§ YOUR INSTRUCTIONS
Write out, word for word, every line in the data below from the one containing "Here we can" to the one containing "Hey guys, this", both of them included.

§ EXERCISE DATA
-*-*-
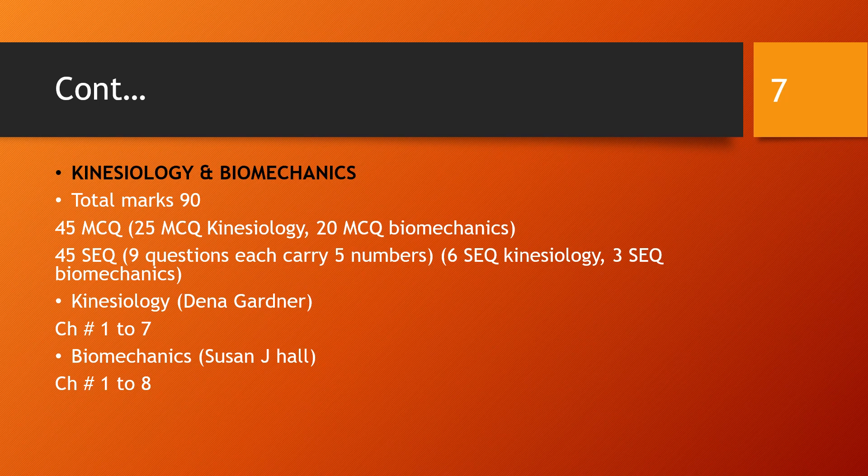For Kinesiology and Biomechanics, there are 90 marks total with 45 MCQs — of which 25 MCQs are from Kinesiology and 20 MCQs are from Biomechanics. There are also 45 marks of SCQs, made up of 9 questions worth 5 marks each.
-*-*-
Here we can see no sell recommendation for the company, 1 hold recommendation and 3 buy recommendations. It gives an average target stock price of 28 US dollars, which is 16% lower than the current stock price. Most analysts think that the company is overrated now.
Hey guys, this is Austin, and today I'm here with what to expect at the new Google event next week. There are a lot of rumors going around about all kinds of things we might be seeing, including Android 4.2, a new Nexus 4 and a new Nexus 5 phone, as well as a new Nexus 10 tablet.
-*-*-
§ EXERCISE RESPONSE
Here we can see no sell recommendation for the company, 1 hold recommendation and 3 buy recommendations. It gives an average target stock price of 28 US dollars, which is 16% lower than the current stock price. Most analysts think that the company is overrated now.
Hey guys, this is Austin, and today I'm here with what to expect at the new Google event next week. There are a lot of rumors going around about all kinds of things we might be seeing, including Android 4.2, a new Nexus 4 and a new Nexus 5 phone, as well as a new Nexus 10 tablet.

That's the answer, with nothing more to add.